Registered: 02/13/01
Posts: 6567
A/S/L: 50/F/California
Full Rollers are not exactly frowned upon., But you do have to drill today's dynamic balls specifically for full rollers if they are one. :-) And there's basically one drill pattern. Any older drill person (or a very well mentored/tutored young driller), should be able to layout a ball for a full roller as they were more common maybe a generation ago.

Today is a day of the power game in bowling. Speed + Revs = score. Its hard to get a lot of power throwing a full roller. Plus there's not a lot of side rotation, which is why you put the "full roller drill" on the ball. And the only ones I've seen sucessfully do so, have been men. But it can be done. I would say it is easier for a full roller to get to 200 then a thumbless bowler given the same amount of experience.

Once a bowler has become a full roller and been so for years, its pretty tough to change them to a 3/4 roller. IF this pattern is not yet set in you, you might consider some coaching. Being a 3/4 roller and a woman will be of more advantage, IMO.
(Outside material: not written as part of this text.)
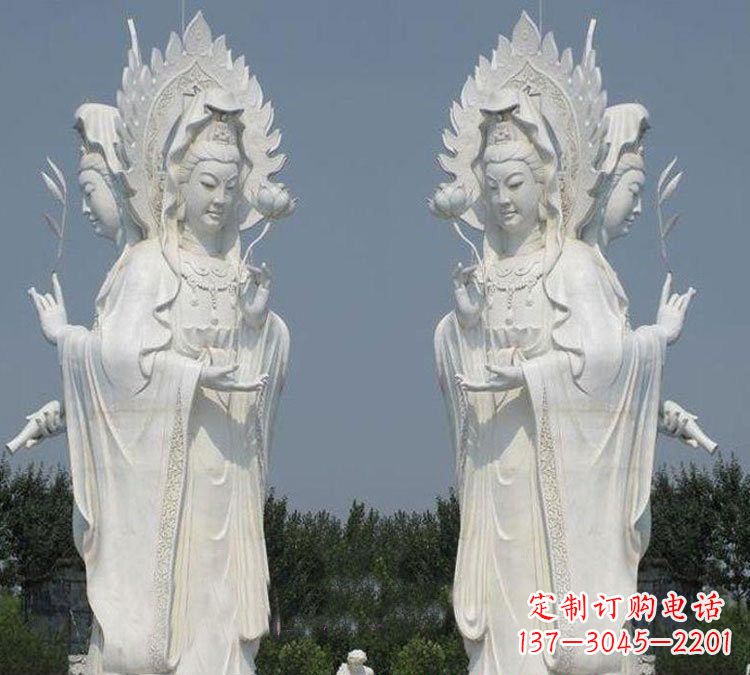 泰州寺庙三面观音菩萨雕塑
#105383 - 10/15/09 11:09 AM Re: Another full roller question [Re: 10PinGaloot]
TenPin_ Offline
Regional Pro Contender

Registered: 12/27/07
Posts: 505
A/S/L: 32/M/TX
Most full rollers don't get the full benefit of high performance balls, and the layouts for drilling for a full roller are very limited. I've recently drilled a ball for a full roller and it isn't working as we had hoped, which was partially my fault but also partially because of this bowler being a full roller with very little revs. A 3/4 roller has more options available for laying out a ball and still getting a good reaction from it, even if the layout isn't exactly the best one for them or the strongest one that can be done on that ball.

That said, there is another guy in my leagues who is a full roller and has more revs than the average 3/4 roller does. He probably has around 20-22 revs and can get the ball to hook like your typical cranker does. I can't explain how he manages it but he does, and really is a full roller. He has shot around 30 - 300 games and I think he said 4 - 800 series, so you can be successful and get a lot of hook as a full roller. But he is in the minority in today's game.

Where is the pin located on your bowling balls? If you are right handed and the pin is located to the left of your thumb and slightly below, that is one of the two full roller layouts and should get you the most hook out of the ball. The other puts the pin up higher, to the left of your middle finger, and should get you more length with less hook. If the pin is anywhere else, then it probably isn't drilled right for a full roller.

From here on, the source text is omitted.